Questa è la replica di D’Attis:

“L’aver apposto la mia firma su un ordine del giorno proposto da altre forze politiche, per aprire la discussione sull’eventuale spostamento del phase out dal carbone, ha un’unica chiave di lettura: esperire ogni strada utile per mettere in sicurezza Paese sul fronte energetico. Esattamente ciò che stanno facendo tante altre Nazioni -per esempio la Spagna con il nucleare a cui aveva detto di voler rinunciare- per scongiurare rischi dovuti agli scenari internazionali. Tutto il resto appartiene alle solite speculazioni di carattere politico che certamente non fanno bene a nessuno.

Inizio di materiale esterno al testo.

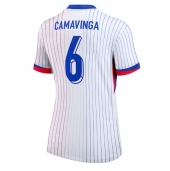 Frankrijk Eduardo Camavinga #6 Uit tenue Dames EK 2024 Korte Mouwen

Vale la pena ricordare che se oggi è stato concretamente avviato un processo di decarbonizzazione delle centrali di Brindisi e Civitavecchia è solo grazie a una iniziativa parlamentare che ho condotto insieme al collega Battilocchio. Per effetto di tutto ciò, con apposita disposizione normativa contenuta a nostra prima firma in una Legge dello Stato, è attivo, in seno al Ministero delle Imprese e del Made in Italy, un tavolo che, insieme alla nomina di un commissario di Governo ad hoc, ha avviato la concreta attuazione di investimenti alternativi al carbone, partendo dallo sviluppo di grandi insediamenti legati all’energia rinnovabile, eolico off-shore, idrogeno e produzione industriale di batterie d’accumulo oltre che cantieristica e logistica. Il tutto con indubbi e vistosi ritorni economici ed occupazionali per il nostro territorio.
Proprio per questo, presupporre tempi più lunghi per la dismissione delle centrali a carbone non significa fare un passo indietro, ma creare un argine a possibili rischi che l’Italia non può permettersi se si vuole puntare a una nuova stagione di sviluppo.
Infine, un riferimento al nucleare di ultima generazione. E’ ben nota la mia posizione che guarda con interesse agli sviluppi della ricerca, che auspichiamo non richiedano decenni. Dopo di che, se si dovesse stabilire l’assoluta sicurezza della produzione  con una convenienza reale per il Paese, bisognerebbe rimuovere un divieto che oggi esiste per effetto della scelta compiuta dagli italiani. Quindi stiamo parlando di semplici suggestioni che qualcuno si sforza di utilizzare a fini strumentali. Le centrali di Brindisi e Civitavecchia non sono di fatto in produzione ormai da tempo e quindi non bruciano carbone né tantomeno al loro posto si sta costruendo un impianto nucleare”.